TASK OBJECTIVE
Of the lines listed below, return exactly those that run from the line containing "For each vector" through the line containing "It looks like", both included.

RECORDS FOR THE EXERCISE

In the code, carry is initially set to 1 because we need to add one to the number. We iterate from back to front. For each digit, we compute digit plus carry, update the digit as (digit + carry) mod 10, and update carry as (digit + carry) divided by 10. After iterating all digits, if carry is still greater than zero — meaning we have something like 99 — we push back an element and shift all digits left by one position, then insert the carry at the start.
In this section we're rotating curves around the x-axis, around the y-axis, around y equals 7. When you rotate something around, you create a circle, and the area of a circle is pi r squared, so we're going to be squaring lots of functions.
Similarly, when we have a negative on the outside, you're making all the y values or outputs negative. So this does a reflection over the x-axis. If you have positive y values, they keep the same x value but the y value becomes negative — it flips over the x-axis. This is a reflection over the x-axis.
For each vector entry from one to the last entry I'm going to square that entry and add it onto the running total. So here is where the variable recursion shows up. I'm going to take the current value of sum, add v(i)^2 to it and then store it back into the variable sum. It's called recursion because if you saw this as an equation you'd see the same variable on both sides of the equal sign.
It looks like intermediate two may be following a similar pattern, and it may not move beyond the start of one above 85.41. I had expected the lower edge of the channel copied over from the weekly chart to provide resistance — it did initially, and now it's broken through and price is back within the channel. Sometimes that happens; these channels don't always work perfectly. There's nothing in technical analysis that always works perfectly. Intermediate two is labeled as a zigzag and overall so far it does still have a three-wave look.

---

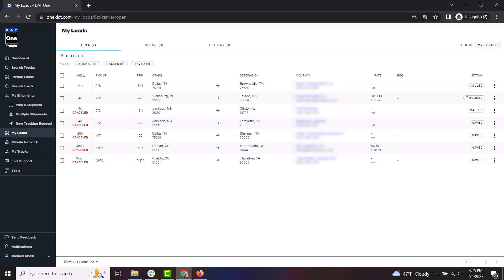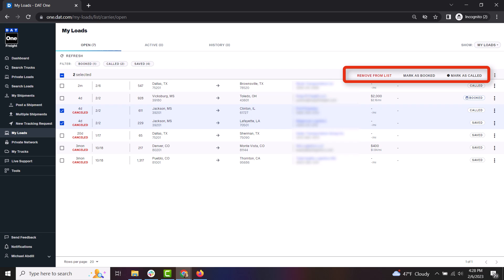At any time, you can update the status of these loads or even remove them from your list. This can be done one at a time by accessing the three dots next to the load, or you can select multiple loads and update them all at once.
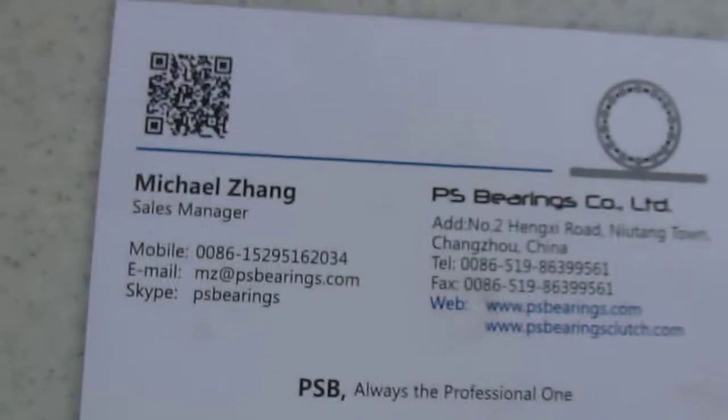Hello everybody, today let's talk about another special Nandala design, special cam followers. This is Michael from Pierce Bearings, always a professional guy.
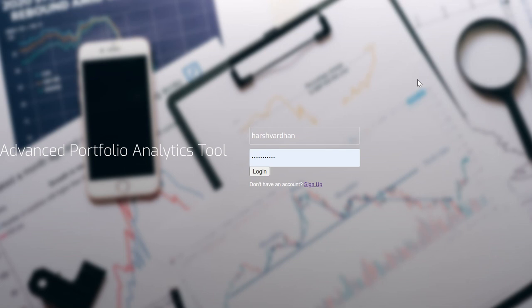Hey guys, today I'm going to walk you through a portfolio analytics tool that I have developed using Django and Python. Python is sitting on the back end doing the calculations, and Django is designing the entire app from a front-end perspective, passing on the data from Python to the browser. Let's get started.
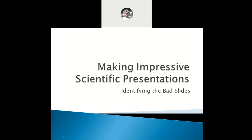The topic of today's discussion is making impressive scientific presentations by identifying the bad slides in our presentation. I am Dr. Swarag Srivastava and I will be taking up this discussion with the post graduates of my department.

COMPLETED TASK
For each vector entry from one to the last entry I'm going to square that entry and add it onto the running total. So here is where the variable recursion shows up. I'm going to take the current value of sum, add v(i)^2 to it and then store it back into the variable sum. It's called recursion because if you saw this as an equation you'd see the same variable on both sides of the equal sign.
It looks like intermediate two may be following a similar pattern, and it may not move beyond the start of one above 85.41. I had expected the lower edge of the channel copied over from the weekly chart to provide resistance — it did initially, and now it's broken through and price is back within the channel. Sometimes that happens; these channels don't always work perfectly. There's nothing in technical analysis that always works perfectly. Intermediate two is labeled as a zigzag and overall so far it does still have a three-wave look.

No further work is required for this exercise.